2014 American drama series

Hand of God is an American drama television series created by Ben Watkins. The premiere episode is one of two drama pilots that Amazon streamed online in August 2014, along with Hysteria. Viewers were allowed to offer their opinions about the pilot before the studio decided whether or not to place an order for the entire series. In October 2014, Hand of God was ordered to full series by Amazon Studios.

The series officially premiered on September 4, 2015. A second season was ordered in December 2015, which premiered on March 10, 2017. On September 15, 2016, Amazon Studios announced that the series would end after the second season.

==Plot==
Hand of God follows Pernell Harris (Ron Perlman), a corrupt judge who suffers a breakdown and believes that God is compelling him onto a path of vigilante justice. He becomes a member of a church called Hand of God, which proves to be a dangerous cult.

==Cast==
===Main===
- Ron Perlman as Pernell Harris
- Dana Delany as Crystal Harris
- Andre Royo as Robert "Bobo" Boston
- Garret Dillahunt as KD
- Alona Tal as Jocelyn Harris
- Emayatzy Corinealdi as Tessie Graham
- Julian Morris as Paul Curtis
- Elizabeth McLaughlin as Alicia Hopkins

===Recurring===

- Johnny Ferro as PJ Harris (Pernell Jr.)
- Cleavon McClendon as Asa Boston
- Maximiliano Hernández as Chief Toby Clay
- Anthony Starke as DA Gilbert McCauley
- Jon Tenney as Nick Tramble
- Tommy Day Carey as Detective Warren
- Elaine Tan as Anne Wu (season 1)
- Erykah Badu as April (season 1)
- Hunter Parrish as Josh Miller (season 1)
- Sandy Martin as Randy (guest season 1, recurring season 2)
- Jimmy Ray Bennett as Nathan Brooks (guest season 1, recurring season 2)
- Eric J. Krueger as Adam Rieders (guest season 1, recurring season 2)
- Emilio Rivera as Sgt.
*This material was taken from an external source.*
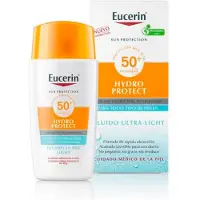 Eucerin Fluide Hydra Protect Ultra Léger SPF50+ 50ml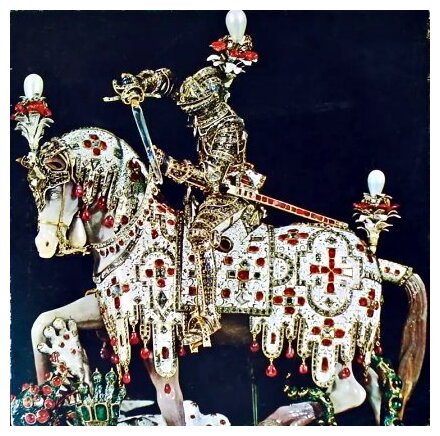 Puzzle - Saint George And The Dragon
Kessler (guest season 1, recurring season 2)
- Nia Long as Izzy (season 2)
- Brian Baumgartner as Dr. Olonari (season 2)
- Guy Burnet as Raymond Kelly (season 2)

==Episodes==

| Season | Episodes |  | Originally released |  |
| 1 | 10 | 1 | August 28, 2014 |  |
| 9 | September 4, 2015 |  |
| 2 | 10 |  | March 10, 2017 |  |

===Season 1 (2014–2015)===

| No. overall | No. in season | Title | Directed by | Written by | Original release date |
|---|---|---|---|---|---|
| 1 | 1 | "Pilot" | Marc Forster | Ben Watkins | August 28, 2014 |
| 2 | 2 | "Your Inside Voice" | Marc Forster | Ben Watkins | September 4, 2015 |
| 3 | 3 | "Contemplating the Body" | Richard J. Lewis | Ben Watkins & Daniel Tuch | September 4, 2015 |
| 4 | 4 | "He So Loved" | Sarah Pia Anderson | Becky Hartman Edwards | September 4, 2015 |
| 5 | 5 | "Welcome the Stranger" | Ernest R. Dickerson | Sam Forman | September 4, 2015 |
| 6 | 6 | "For the Rain to Gather" | Andrew Bernstein | Deborah Schoeneman | September 4, 2015 |
| 7 | 7 | "A Bird in Hand" | Peter Medak | Teleplay by : Mark Hudis Story by : Mark Hudis & Ali Garfinkel | September 4, 2015 |
| 8 | 8 | "One Saved Message" | Mario Van Peebles | Ben Watkins & Ben Cory Jones | September 4, 2015 |
| 9 | 9 | "A Flower That Bees Prefer" | Stephen Williams | Theresa Rebeck | September 4, 2015 |
| 10 | 10 | "The Tie That Binds" | Brad Anderson | Ben Watkins | September 4, 2015 |

===Season 2 (2017)===

| No. overall | No. in season | Title | Directed by | Written by | Original release date |
|---|---|---|---|---|---|
| 11 | 1 | "Gathering Dust" | Mario Van Peebles | Ben Watkins & Jim Dunn | March 9, 2017 |
| 12 | 2 | "Telling Me Your Dreams" | Peter Medak | Ben Watkins & Sam Ernst | March 9, 2017 |
| 13 | 3 | "We Can't Go Back" | Christine Moore | Michael Angeli | March 9, 2017 |
| 14 | 4 | "Not Writing a Love Letter" | Sarah Pia Anderson | Daniel Tuch | March 9, 2017 |
| 15 | 5 | "I See That Now" | Ali Selim | Shernold Edwards | March 9, 2017 |
| 16 | 6 | "What Do You Hear..." | Stephen Surjik | Dawn Kamoche & Ariella Blejer | March 9, 2017 |
| 17 | 7 | "When You Pull the Trigger" | Tim Hunter | Teleplay by : Ben Watkins & Michael Angeli Story by : Michael Kastelein & Chris Wu | March 9, 2017 |
| 18 | 8 | "The Last Thing Left" | Kate Woods | Jim Dunn | March 9, 2017 |
| 19 | 9 | "What a Man Can Be" | Peter Medak | Sam Ernst | March 9, 2017 |
| 20 | 10 | "He Must Be" | Ben Watkins | Ben Watkins | March 9, 2017 |

==Reception==
The series has received mixed reviews from critics. On Metacritic, the first season has a score of 44 out of 100 based on 19 critics reviews, and an 8.2/10 from IGN. The average rating on TV.com is 8.3 out of 10 based on 33 ratings.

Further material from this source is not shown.